Tino Petrelli firma una delle foto che hanno fatto la storia: immortala i Beatles tutti insieme su una Alfa Romeo Spider, dopo il loro arrivo dalla Stazione Centrale (erano partiti in treno in sordina da Lione). Gli organizzatori si erano attrezzati in grande stile e di Spider ne avevano preparate addirittura 5, ma l’assedio dei fan (le cronache parlano di circa duemila persone) fece sì che i Fab Four ottimizzarono la corsa in hotel con un viaggio su un’unica vettura.
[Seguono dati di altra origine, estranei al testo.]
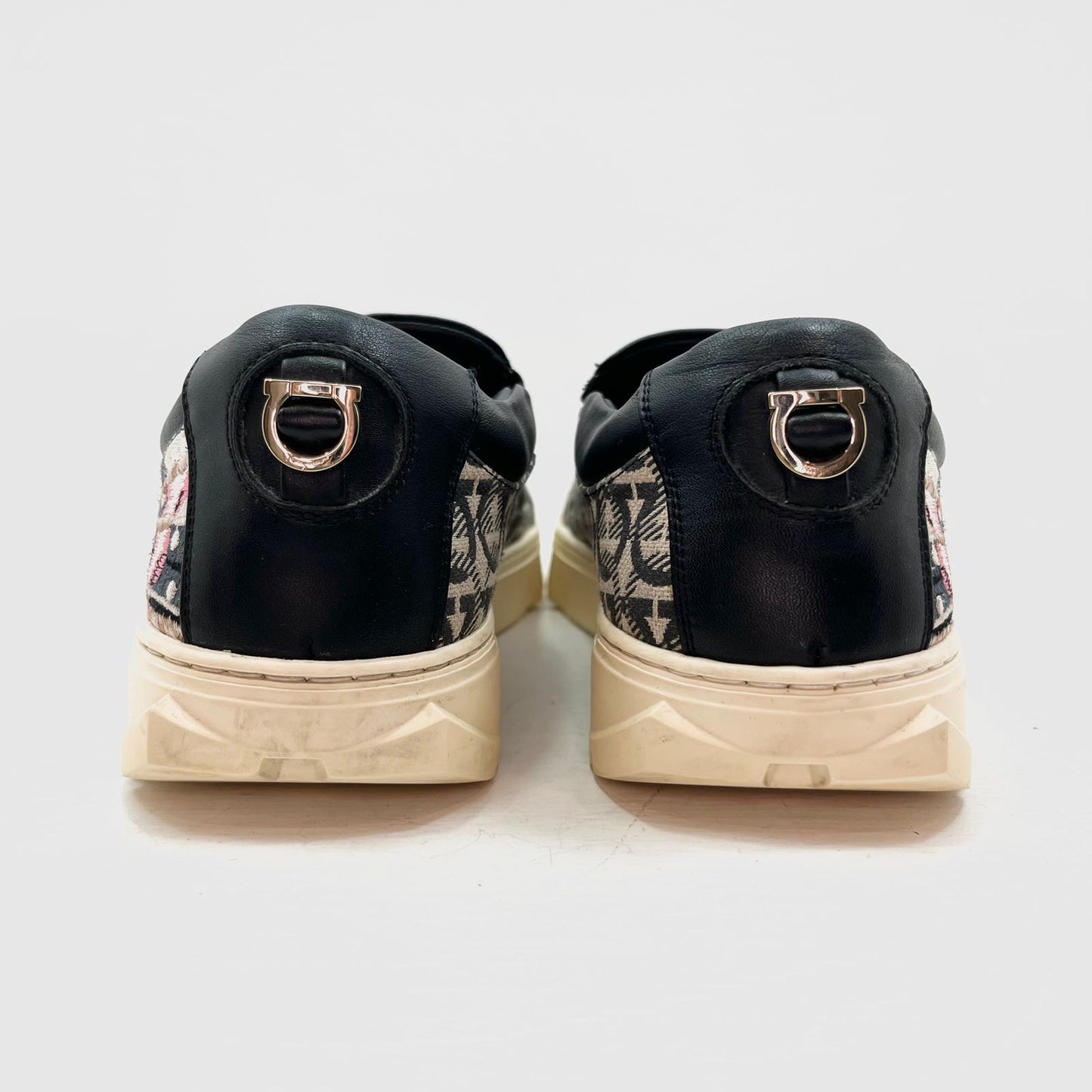 TENIS FERRAGAMO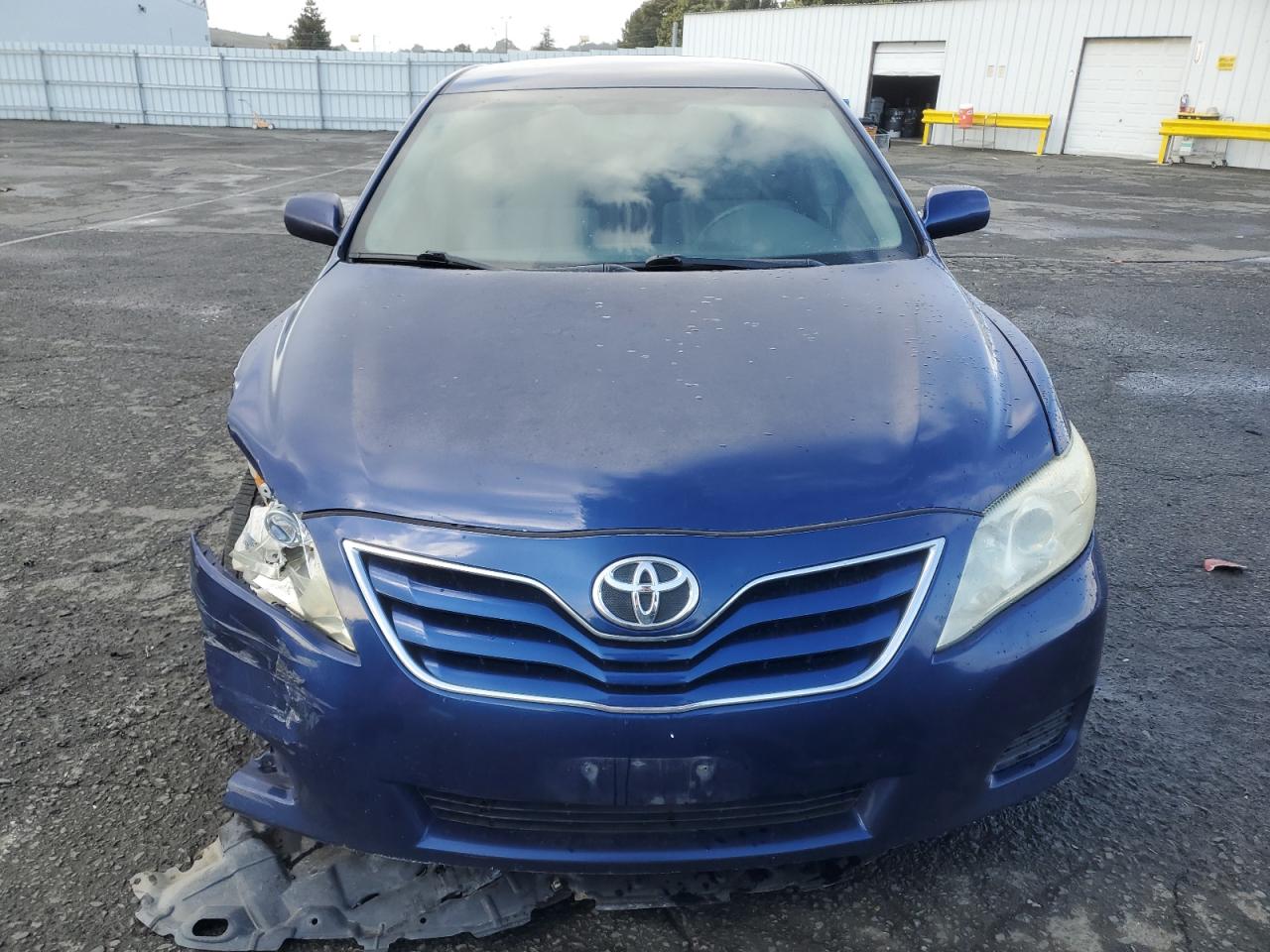 2011 Toyota Camry - Image 5
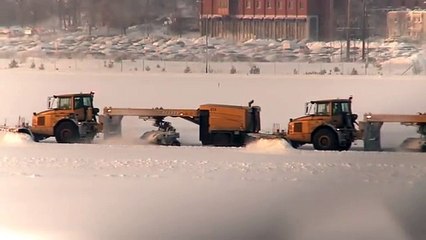 Technique incroyable pour déneiger l'aéroport de Stockholm en 1 min! EFFICACE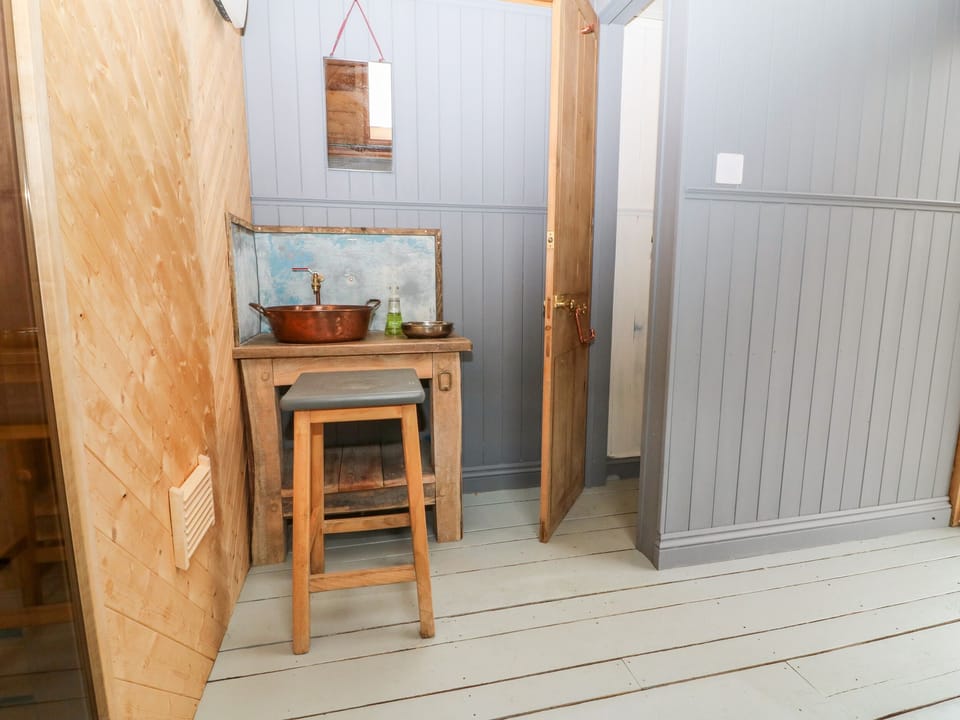 Cottage | 5 bedrooms, WiFi (free), individually decorated, individually furnished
Altri scatti notevoli: il gruppo brit davanti alle guglie del Duomo (lo shooting venne fatto sulla terrazza al sesto piano di quello che allora era il Grand Hotel Duomo) e poi ancora la conferenza stampa, quando Lennon rispondeva sicuro di sé che i Beatles sarebbero durati a lungo davanti a cronisti non troppo convinti. Del resto, Leo Wätcher, già promotore di jazz e swing che portò i Fab Four in Italia nella loro pur breve tournée (Milano, Genova, Roma, dal 24 al 28 giugno), aveva dovuto arrabattarsi e non poco per ottenere gli spazi del Vigorelli (22 mila posti, mai del tutto riempiti nel concerto pomeridiano delle 16 e in quello serale delle 21, con supporter, tra gli altri, Peppino di Capri, i New Dada, Fausto Leali). In mostra vediamo i Beatles che suonano sul palco, ma soprattutto cogliamo il vero protagonista di questo evento, ovvero il pubblico, che la crew di fotografi di Publifoto immortalò con dovizia, regalandoci oggi un saggio di antropologia culturale anni Sessanta e made in Italy. Di quella calda giornata e serata estiva restano i volti, i capelloni, gli scatti delle urla, della folla, delle minigonne, degli striscioni. Sono le immagini del “fandom italiano” tra poster, bandiere, abbracci, baci: sono i bianco e nero, eppure esplodono di colori e di vita. C’è un ragazzo che mostra orgoglioso un ritratto di McCartney, una ragazza che piange per l’emozione, un poliziotto che sorride sornione davanti alla folla. A sessant’anni di distanza, e in modo decisamente più accurato delle cronache dell’epoca (giornalisti e intellettuali italiani capirono tardi la brit wave e ancor più tardi i nuovi “ggiovani”), questa esposizione fotografica alle Gallerie d’Italia dimostra come un evento pop contribuì e non poco alla creazione di un mito per una generazione che – non ancora invischiata nella stagione sessantottina – celebrava e si celebrava con gioia, leggerezza e un senso di ritrovata (più o meno consapevole) libertà.